Committee Chairman James Inhofe, R-Okla., said he hopes to put Leavitt's nomination to the committee for a vote possibly late this month, The Salt Lake Tribune reported Thursday.

However, Sen. Hillary Rodham Clinton, D-N.Y., is planning to block Leavitt's nomination until she receives a more complete explanation of why the White House pressured the EPA not to warn New York residents of the danger from airborne asbestos, lead and other harmful substances following the terrorist attacks on Sept. 11, 2001. The administration has defended its decision as having been justified by national security concerns.

Clinton and fellow committee members James Jeffords, I-Vt., Joe Lieberman, D-Conn., and Bob Graham, D-Fla., had asked Inhofe to schedule a committee hearing next Thursday on the health warning issue.

Inhofe rejected the request, declaring, "the motivation for a hearing is strictly political," and he scheduled Leavitt's confirmation on that day.

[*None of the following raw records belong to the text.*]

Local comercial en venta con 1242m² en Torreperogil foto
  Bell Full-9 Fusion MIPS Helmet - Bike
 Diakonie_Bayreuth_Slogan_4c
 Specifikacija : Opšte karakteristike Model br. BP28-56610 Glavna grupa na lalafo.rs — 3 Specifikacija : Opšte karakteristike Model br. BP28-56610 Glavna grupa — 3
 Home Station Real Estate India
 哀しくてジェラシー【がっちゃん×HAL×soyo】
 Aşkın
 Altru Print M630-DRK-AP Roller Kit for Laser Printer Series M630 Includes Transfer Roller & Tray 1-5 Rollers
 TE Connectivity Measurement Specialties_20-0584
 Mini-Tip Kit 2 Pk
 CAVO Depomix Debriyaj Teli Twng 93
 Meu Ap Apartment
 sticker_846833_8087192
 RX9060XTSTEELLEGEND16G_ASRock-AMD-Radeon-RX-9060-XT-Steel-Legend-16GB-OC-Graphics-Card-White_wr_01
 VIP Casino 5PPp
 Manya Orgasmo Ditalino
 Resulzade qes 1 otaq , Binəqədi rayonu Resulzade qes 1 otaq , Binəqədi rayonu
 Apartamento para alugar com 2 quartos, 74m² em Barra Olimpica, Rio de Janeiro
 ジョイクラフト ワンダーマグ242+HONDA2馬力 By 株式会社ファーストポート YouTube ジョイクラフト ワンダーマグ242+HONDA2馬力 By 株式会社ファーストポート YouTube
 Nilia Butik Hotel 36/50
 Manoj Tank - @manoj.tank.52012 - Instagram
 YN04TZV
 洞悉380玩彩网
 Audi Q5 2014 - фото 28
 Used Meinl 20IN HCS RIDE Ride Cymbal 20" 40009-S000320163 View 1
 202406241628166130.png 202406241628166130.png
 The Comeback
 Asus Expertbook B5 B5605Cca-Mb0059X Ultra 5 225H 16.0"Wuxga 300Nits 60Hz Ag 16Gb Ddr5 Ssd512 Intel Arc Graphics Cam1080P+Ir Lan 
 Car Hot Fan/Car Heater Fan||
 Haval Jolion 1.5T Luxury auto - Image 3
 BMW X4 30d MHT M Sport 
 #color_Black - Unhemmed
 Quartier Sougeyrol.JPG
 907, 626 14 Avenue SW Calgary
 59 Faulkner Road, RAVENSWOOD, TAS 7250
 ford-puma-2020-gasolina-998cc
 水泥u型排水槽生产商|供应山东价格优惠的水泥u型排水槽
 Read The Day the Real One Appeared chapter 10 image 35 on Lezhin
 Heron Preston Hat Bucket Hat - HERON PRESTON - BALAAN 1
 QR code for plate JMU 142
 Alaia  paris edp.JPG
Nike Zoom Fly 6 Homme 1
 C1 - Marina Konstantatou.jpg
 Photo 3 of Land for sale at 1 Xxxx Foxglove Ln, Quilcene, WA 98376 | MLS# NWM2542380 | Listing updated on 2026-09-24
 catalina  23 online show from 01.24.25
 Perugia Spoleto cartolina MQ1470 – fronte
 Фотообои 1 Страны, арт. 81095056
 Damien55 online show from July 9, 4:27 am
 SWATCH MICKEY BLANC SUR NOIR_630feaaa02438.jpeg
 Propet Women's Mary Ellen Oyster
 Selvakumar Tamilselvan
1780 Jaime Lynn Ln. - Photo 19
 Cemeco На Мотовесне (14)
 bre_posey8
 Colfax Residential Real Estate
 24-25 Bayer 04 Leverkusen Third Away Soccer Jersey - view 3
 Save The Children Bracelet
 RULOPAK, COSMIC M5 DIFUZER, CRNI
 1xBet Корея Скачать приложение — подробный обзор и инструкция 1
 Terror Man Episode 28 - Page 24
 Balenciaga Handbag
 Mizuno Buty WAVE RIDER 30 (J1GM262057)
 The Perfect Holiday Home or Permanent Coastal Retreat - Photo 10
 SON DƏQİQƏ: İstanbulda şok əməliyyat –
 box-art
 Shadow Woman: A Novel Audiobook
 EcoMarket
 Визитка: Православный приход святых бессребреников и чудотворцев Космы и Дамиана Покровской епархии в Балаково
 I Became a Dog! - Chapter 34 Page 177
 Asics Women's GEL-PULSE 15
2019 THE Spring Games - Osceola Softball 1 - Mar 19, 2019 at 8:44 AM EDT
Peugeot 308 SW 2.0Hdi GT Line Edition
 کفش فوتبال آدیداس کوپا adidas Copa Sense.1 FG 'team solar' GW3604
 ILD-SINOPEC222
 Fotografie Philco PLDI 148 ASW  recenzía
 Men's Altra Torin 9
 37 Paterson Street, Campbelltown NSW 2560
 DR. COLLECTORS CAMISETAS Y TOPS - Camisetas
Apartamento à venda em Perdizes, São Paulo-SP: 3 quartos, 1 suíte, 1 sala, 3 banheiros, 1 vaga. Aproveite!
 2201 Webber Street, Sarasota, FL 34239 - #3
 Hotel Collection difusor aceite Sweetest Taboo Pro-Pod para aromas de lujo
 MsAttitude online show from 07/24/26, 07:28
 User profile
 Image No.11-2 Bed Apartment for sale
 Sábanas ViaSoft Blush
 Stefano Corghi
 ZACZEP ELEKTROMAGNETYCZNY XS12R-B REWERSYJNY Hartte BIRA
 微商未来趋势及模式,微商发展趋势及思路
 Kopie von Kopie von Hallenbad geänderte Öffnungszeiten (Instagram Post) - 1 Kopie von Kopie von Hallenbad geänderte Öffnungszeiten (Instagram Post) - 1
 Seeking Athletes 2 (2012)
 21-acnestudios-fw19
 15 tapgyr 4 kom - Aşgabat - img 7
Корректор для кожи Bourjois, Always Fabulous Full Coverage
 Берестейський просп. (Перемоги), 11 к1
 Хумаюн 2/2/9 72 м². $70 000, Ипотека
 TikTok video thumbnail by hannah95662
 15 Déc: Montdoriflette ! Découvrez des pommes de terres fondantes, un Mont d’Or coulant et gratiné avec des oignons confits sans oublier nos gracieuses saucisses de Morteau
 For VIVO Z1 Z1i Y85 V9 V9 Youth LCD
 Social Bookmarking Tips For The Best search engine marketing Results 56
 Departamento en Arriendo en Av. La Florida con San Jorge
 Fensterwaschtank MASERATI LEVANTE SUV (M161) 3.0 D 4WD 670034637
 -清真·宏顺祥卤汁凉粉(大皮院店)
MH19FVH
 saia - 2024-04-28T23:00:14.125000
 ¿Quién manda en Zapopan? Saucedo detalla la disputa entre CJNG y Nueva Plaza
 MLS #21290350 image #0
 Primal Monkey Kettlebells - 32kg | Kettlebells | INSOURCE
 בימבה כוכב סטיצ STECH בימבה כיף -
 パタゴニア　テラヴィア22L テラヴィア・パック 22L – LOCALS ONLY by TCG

The Democrats still intend to use the hearing as a forum for their allegations of a 9-11 air quality cover-up and for their other environmental grievances against the Bush administration.

"He (Leavitt) will face some tough questions when he comes before the committee for his confirmation hearing," Jeffords said in a statement.

"He will have to explain to the committee and the American public why this administration is determined to weaken our environmental laws. That is going to be a tough question to answer."